MD: Всем любопытно посмотреть на творческий путь мастера в рамках единой экспозиции. Зачем столько труда и сложностей, когда можно сделать все проще?
Баходир Джалал: Мне пока есть что сказать. Я даже в самого себя не вмещаюсь со своими идеями (улыбается). Чувствую себя максимум на 40 лет. Может быть физически и внешне выгляжу на 70, но до сих пор прыгаю, делаю стойку на голове. Подвижность меня держит в форме. Я хорошо чувствую вибрации времени. Трансформацию в сознании и форме. Медитирую уже больше 25 лет, много изучаю философию, увлекаюсь историей, побывал в Индии, которая бездонна своей духовной информацией, внимательно наблюдаю за развитием современного мира. Я глубоко сопереживаю и бесконечно вдохновляюсь. И если мне что-то интересно, всегда полностью в это погружаюсь, чтобы то, что я создам в итоге, звучало убедительно. «И тогда все началось» – это точка отсчета каждого великого открытия, каждой идеи, мысли, эмоции, вдохновения, открывающих за собой отдельный мир.
О миротворцах Джалала
MD: Миротворцы, будто сошедшие с космических просторов, инсталляции клонов, футуристические архитектурные проекты, восточная лирика в орнаментах сюзане, портреты великих ученых прошлого и современности, плакаты против военной агрессии... О чем выставка?
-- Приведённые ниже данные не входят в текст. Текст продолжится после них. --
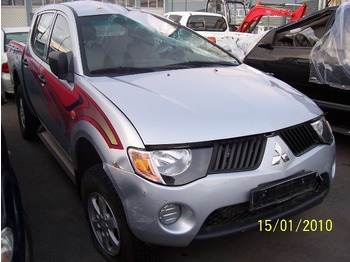 MITSUBISHI L-200 - minibus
Баходир Джалал: О философии сохранения вселенских ценностей. О сути нашего прихода в этот мир, осмыслении пути, которое мы выносим из этого короткого отрезка отпущенной нам жизни. Все эти принципы лет с тридцати были застолблены в моем сознании. Я восхищаюсь гением человеческого ума и таланта. Очень люблю неординарных личностей, революционеров в искусстве и науке, бунтарей, выступающих против всех закостенелых систем и морали, борцов за чистоту мироздания. Все эти люди всецело посвящали себя человечеству. Мои работы передают главные мысли и принципы моей жизни, отражают то, что я считаю важным, протестуют против того, что кажется совершенно недопустимым – братоубийственные войны, например, или клонирование людей, равнодушие и бесцельность существования. Гражданский долг каждого художника – бороться против невежества. Поэтому себя я тоже считаю миротворцем, и уже давно следую своей миссии.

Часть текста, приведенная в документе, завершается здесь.